In: Psychology
Contemporary moral philosopher Martha’s Nussbaum is known for her ideas about emotions as a key to understanding ethics. For her emotions are closely connected with beliefs about how things are and what is important , which would explain why they might be even more reliable as our moral compasses than detached rational judgements.
Drawing from the Ancient Greek philosopher Aristotle, Nussbaum suggests that the main objection to emotions as a way of knowing the world is that they involve value judgements that attach great worth to uncontrolled things outside the human capacity. To counter this vulnerability, Western philosophy has aspired to a kind of self-sufficiency, a belief that nothing bad will ever happen to those who do everything right.

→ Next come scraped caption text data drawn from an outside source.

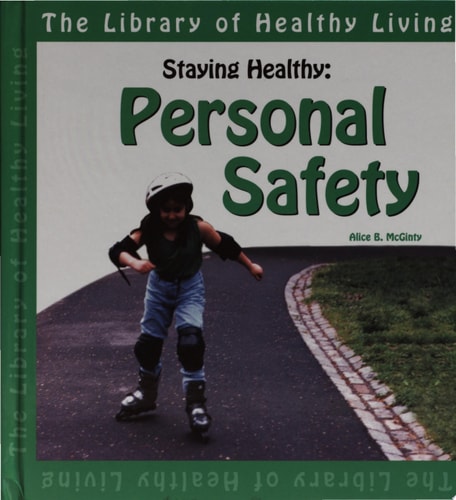 Staying Healthy: Personal Safety (Library of Healthy Living)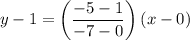 $y-1=\left(\frac{-5-1}{-7-0}\right)(x-0)$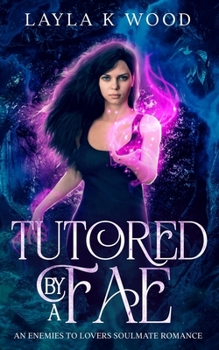 Tutored By a Fae: An Enemies to Lovers Soulmates Romance (Fae of the Hazel Woods)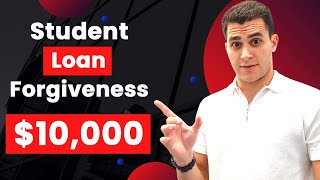 $10,000 Student Loan Forgiveness (White House Update)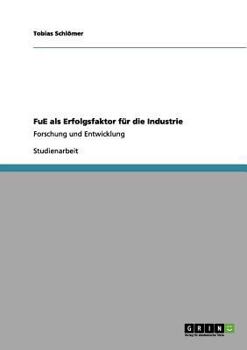 Paperback FuE als Erfolgsfaktor für die Industrie: Forschung und Entwicklung [German] Book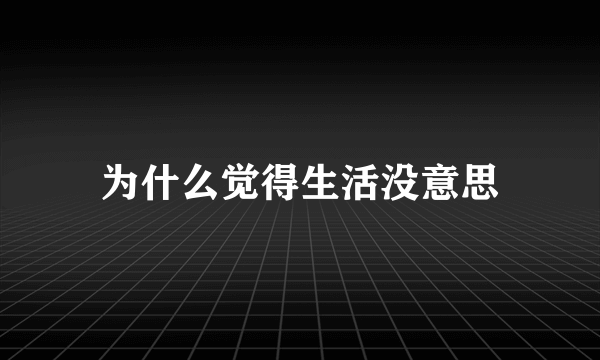 为什么觉得生活没意思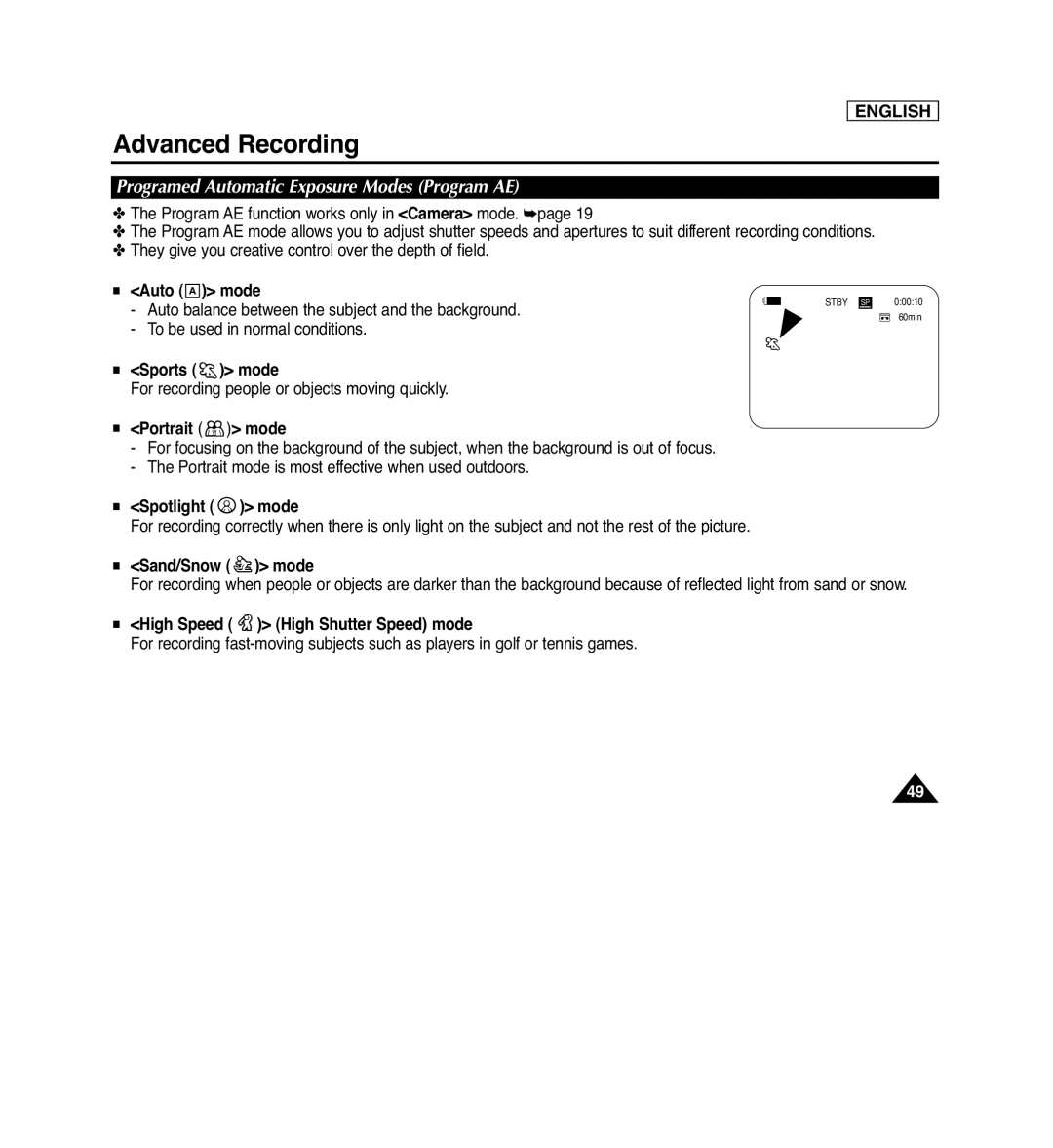 Samsung SC-D366 Programed Automatic Exposure Modes Program AE, Auto A mode, Sports mode, Portrait mode, Spotlight mode 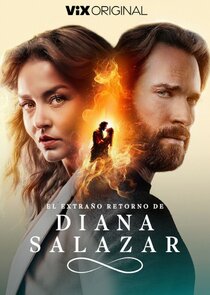 El extraño retorno de Diana Salazar poster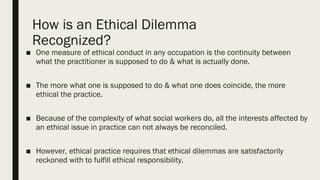 How is an Ethical Dilemma
Recognized?
■ One measure of ethical conduct in any occupation is the continuity between
what the practitioner is supposed to do & what is actually done.
■ The more what one is supposed to do & what one does coincide, the more
ethical the practice.
■ Because of the complexity of what social workers do, all the interests affected by
an ethical issue in practice can not always be reconciled.
■ However, ethical practice requires that ethical dilemmas are satisfactorily
reckoned with to fulfill ethical responsibility.
 
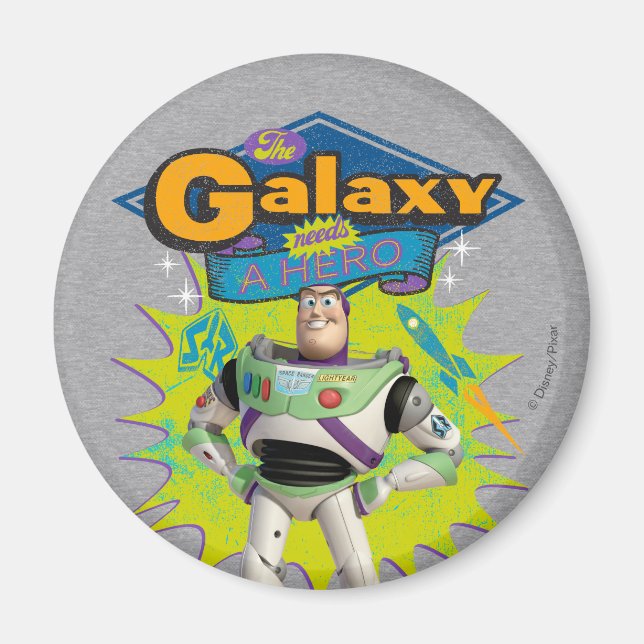 Buzz Lightyear | The Galaxy Needs a Hero Magnet (Front)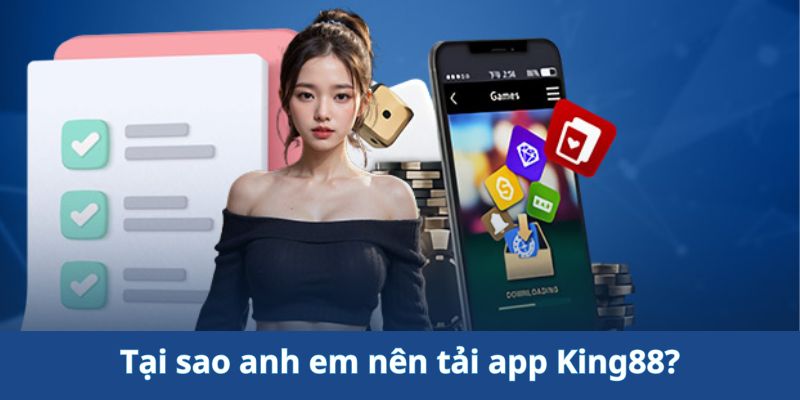 Những lý do anh em nên tải app King88?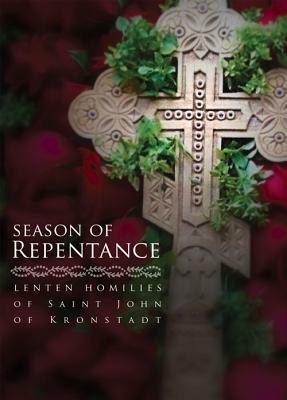 Season of Repentance: Lenten Homilies of Saint John of Kronstadt by John of Kronstadt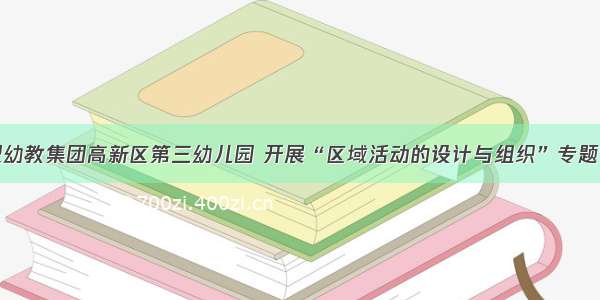 合肥幼教集团高新区第三幼儿园 开展“区域活动的设计与组织”专题讲座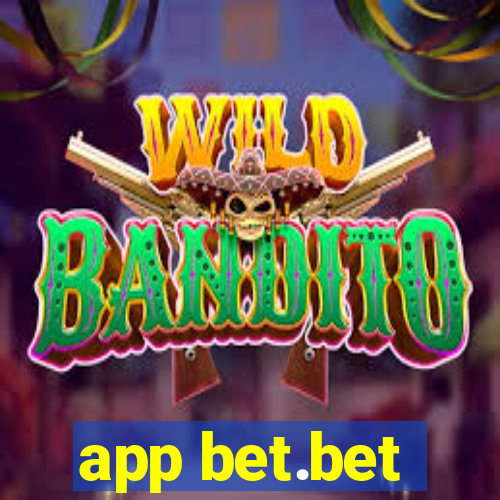 app bet.bet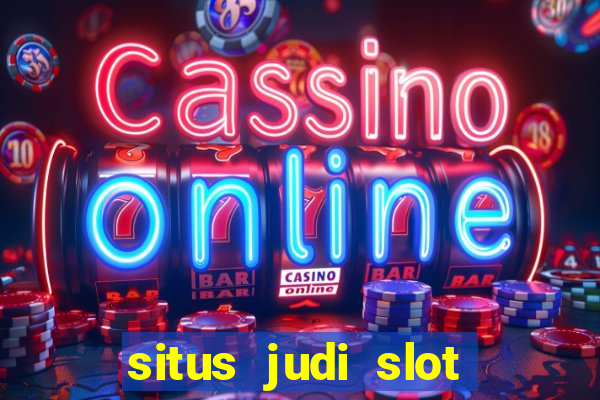 situs judi slot slot online terbaik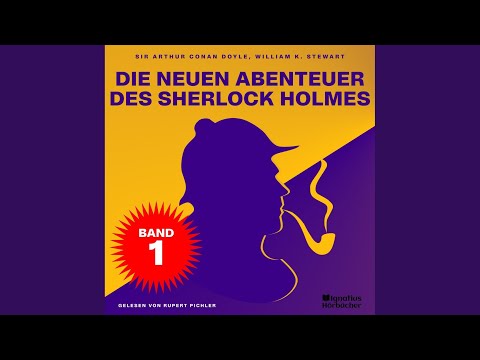 Kapitel 1 - Teil 17 - Die neuen Abenteuer des Sherlock Holmes (Band 1)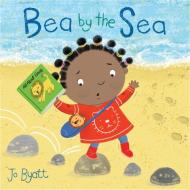 Bea by the Sea di Jo Byatt edito da CHILDS PLAY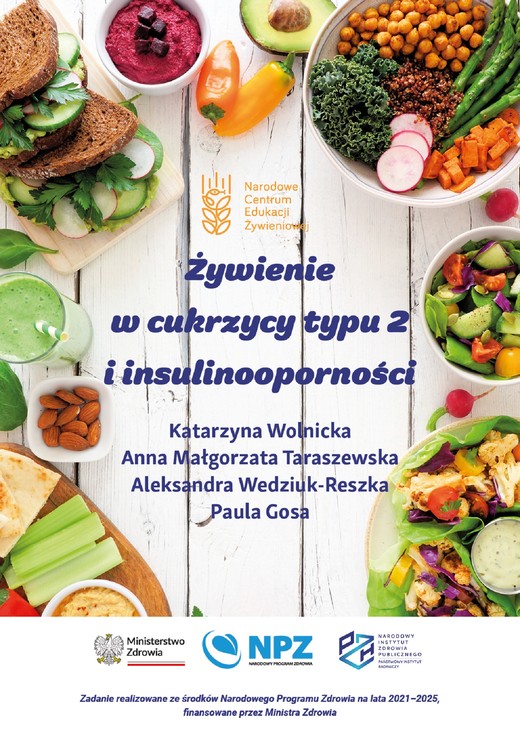 okładka Żywienie w cukrzycy typu 2 i insulinooporności ebook | epub, mobi, pdf | Katarzyna Wolnicka, Anna Taraszewska, Aleksandra Wedziuk-Reszka, Paula Gosa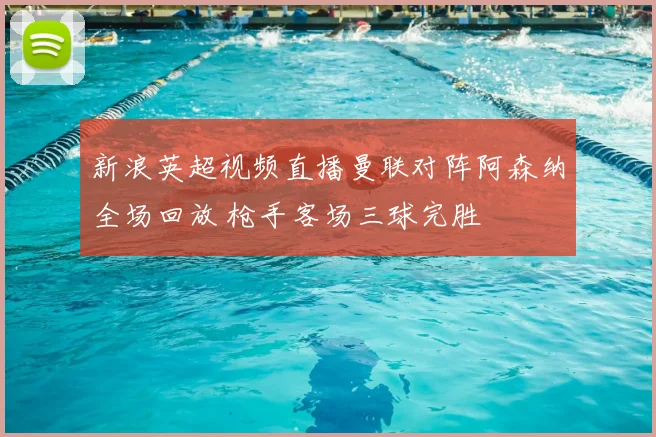 新浪英超视频直播曼联对阵阿森纳全场回放 枪手客场三球完胜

for Aristotle and other Greeks, the key to regain some form of control came in the form of Platonic, reason- the use of reason gave the promise of being in touch with the perfect, divine forms. Nussbaum builds on the Aristotelian logic about moral responsibility and argues that Literary arts extends our life and our experience by presenting to us moments where rational habits are put to test by uncontrolled events. This paves the way for questioning the ways to reaching a good life through a moral learning in the practical aspects.
However, moving beyond Aristotle, Nussbaum develops here ideas about art and morality within the spectrum of human emotionality. According to her, Literature and art widens our experience and expands our moral imagination as it provides the reader and / or the viewer with the unique opportunity to vicariously explore the limits and thresholds of their moral capacity and explore and reason about ethically demanding situations from a safer place as distant observers to a hypothetical reality.